TOKYO — The chief executive of the Canadian parts maker that’s buying a stake in Opel from General Motors said Tuesday talks are planned with Volkswagen to ease the German automaker’s concerns about the deal.

Don Walker

Don Walker

TOKYO — The chief executive of the Canadian parts maker that’s buying a stake in Opel from General Motors said Tuesday talks are planned with Volkswagen to ease the German automaker’s concerns about the deal.

“Volkswagen has said they are concerned, so we need to finalize internal procedures and have more discussions with them,” Don Walker, co-chief executive of Magna International Inc. (TSX:MG.A), told reporters.

He declined to give details, saying he hadn’t talked with Volkswagen yet.

Magna has a huge, international auto parts business that supplies virtually every major automaker in the world. Now, the Canadian company will also assemble vehicles through Opel that compete with some of its main customers in Europe.

GM had initially said it preferred another bid from Brussels-based investment firm RHJ International, in part because of fears that patents and other GM property could wind up with competitors, especially in the growing market of Russia.

Analysts say some automakers, such as Volkswagen AG, may decide to move away from buying Magna parts.

Walker acknowledged he needs to ease concerns from customers, but reiterated that Opel and Magna will remain separate.

He said Magna, based in Aurora, Ont., wasn’t “taking over” Opel and will remain a parts maker.

“Most of the customers I have talked to personally want to know how we have a separation to protect technology, but they have told me that they are comfortable with it,” said Walker.

In Toronto, a Magna executive told a CIBC investor conference that the company has a long history of working with its customers’ proprietary information and has never had a problem.

Louis Tonelli, vice-president of investor relations, pointed to Magna’s Austrian-based operations, Magna Steyr, which develop and build cars for various automakers.

“We were very involved in the development of the BMW X3 in the very same facility as we are building Mercedes vehicles,” Tonelli said.

“BMW recently said that we showed through the development of the X3 that we could have the appropriate walls in place and keep proprietary information proprietary, and that gave them a lot of comfort.”

Tonelli said “a number of important safeguards” will be put in place to protect customers’ technology. Magna’s parts business is already quite decentralized, and will remain completely independent from Opel. In addition, any Magna employees who work for Opel will cease to have any connection to the parts business, he said.
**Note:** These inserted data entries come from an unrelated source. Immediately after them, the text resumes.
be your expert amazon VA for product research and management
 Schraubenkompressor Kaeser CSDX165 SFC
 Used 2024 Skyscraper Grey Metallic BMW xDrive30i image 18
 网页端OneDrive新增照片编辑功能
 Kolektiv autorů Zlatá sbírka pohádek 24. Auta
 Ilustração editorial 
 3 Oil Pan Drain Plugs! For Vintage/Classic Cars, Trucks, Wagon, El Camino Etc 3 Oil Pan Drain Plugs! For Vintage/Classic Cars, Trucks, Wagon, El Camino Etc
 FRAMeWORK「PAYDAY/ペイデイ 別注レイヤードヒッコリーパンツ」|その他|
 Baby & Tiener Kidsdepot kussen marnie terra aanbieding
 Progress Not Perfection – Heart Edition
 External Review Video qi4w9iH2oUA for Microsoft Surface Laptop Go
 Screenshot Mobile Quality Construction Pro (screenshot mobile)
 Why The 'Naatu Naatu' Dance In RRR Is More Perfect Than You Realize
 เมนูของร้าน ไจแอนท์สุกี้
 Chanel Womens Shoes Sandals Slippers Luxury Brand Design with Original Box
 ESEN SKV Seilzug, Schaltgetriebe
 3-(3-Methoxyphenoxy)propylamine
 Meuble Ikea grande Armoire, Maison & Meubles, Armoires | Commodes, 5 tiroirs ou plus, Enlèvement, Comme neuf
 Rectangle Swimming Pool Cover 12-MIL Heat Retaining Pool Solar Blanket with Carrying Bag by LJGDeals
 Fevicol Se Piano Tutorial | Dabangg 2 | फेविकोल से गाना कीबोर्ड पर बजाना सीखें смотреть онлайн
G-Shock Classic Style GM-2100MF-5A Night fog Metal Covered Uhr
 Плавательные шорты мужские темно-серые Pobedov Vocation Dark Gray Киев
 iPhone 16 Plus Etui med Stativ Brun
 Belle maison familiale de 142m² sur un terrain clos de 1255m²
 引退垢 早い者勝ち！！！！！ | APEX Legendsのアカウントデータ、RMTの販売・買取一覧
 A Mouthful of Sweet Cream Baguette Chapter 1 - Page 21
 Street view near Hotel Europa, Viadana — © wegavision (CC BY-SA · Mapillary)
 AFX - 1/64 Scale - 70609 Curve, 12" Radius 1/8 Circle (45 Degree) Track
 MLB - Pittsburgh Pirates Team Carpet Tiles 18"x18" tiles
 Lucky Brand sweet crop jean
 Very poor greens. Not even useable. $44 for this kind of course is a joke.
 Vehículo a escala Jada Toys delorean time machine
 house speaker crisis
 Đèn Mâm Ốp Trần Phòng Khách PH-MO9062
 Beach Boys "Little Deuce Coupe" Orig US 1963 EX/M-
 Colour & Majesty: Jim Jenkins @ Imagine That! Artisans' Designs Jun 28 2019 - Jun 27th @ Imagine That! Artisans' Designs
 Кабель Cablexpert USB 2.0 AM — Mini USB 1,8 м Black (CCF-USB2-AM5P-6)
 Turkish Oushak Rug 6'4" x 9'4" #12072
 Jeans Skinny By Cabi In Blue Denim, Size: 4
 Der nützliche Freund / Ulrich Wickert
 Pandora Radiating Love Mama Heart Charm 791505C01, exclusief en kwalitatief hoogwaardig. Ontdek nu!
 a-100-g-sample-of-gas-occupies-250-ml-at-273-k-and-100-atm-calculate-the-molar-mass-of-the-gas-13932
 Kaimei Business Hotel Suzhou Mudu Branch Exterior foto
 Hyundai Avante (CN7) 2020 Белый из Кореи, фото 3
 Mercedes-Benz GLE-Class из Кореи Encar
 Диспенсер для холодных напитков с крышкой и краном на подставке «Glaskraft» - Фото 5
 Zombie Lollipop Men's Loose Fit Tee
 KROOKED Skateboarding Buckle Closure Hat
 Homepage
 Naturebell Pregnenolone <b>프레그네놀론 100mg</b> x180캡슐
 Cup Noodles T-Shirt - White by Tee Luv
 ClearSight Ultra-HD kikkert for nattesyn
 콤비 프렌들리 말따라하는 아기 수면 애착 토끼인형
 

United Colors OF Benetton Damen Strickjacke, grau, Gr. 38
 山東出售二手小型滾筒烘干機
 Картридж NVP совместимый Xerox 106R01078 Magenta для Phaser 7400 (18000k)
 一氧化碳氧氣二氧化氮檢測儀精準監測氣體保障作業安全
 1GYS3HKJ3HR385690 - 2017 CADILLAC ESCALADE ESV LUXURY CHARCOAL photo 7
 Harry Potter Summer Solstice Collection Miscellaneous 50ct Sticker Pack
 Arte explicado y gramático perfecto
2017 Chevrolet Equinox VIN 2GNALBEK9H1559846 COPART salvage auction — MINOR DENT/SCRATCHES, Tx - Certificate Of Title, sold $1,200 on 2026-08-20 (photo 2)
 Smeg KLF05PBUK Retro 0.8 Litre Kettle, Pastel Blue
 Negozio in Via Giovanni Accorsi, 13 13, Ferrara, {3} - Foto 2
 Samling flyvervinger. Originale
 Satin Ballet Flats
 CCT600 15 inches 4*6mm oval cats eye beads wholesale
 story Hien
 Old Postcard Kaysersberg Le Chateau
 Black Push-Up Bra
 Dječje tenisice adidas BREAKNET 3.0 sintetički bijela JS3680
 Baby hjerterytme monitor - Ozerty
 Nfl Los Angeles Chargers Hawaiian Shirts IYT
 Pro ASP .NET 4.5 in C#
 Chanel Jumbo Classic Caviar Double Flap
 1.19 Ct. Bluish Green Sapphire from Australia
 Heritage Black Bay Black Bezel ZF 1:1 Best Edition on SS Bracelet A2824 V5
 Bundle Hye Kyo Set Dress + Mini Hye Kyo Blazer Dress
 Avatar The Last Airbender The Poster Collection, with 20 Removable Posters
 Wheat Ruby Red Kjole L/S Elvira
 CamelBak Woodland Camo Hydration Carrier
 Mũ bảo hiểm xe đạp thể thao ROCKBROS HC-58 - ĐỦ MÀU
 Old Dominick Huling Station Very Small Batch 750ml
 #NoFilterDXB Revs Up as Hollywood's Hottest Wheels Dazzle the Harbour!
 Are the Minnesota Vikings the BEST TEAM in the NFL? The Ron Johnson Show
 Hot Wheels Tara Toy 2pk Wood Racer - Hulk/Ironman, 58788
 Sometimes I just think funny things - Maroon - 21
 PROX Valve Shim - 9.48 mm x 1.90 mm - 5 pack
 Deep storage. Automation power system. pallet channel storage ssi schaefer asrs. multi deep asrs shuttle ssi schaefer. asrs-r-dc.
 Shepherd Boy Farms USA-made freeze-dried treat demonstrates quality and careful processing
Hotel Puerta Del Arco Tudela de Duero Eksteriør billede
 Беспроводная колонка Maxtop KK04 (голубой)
Magna will fill three seats on Opel’s 20-member board.

“We are fully committed to protecting the proprietary technology and interests of our customers and will continue to respect all confidential information with which we are entrusted,” Tonelli said.

“As far as I know, there hasn’t been any business lost as a result of this transaction,” he added.

Tonelli went on to emphasize how important the Opel transaction is to Magna’s ambitions in Russia, which is widely expected to soon surpass Germany as Europe’s biggest car market.

He said Magna has over $200 million in booked business in Russia to date.

“But the potential number we’re looking at is much, much bigger than that, and Opel gives us a chance to get even more involved,” Tonelli said.

Magna’s A shares gained 80 cents to $45.47 on Tuesday at the Toronto Stock Exchange.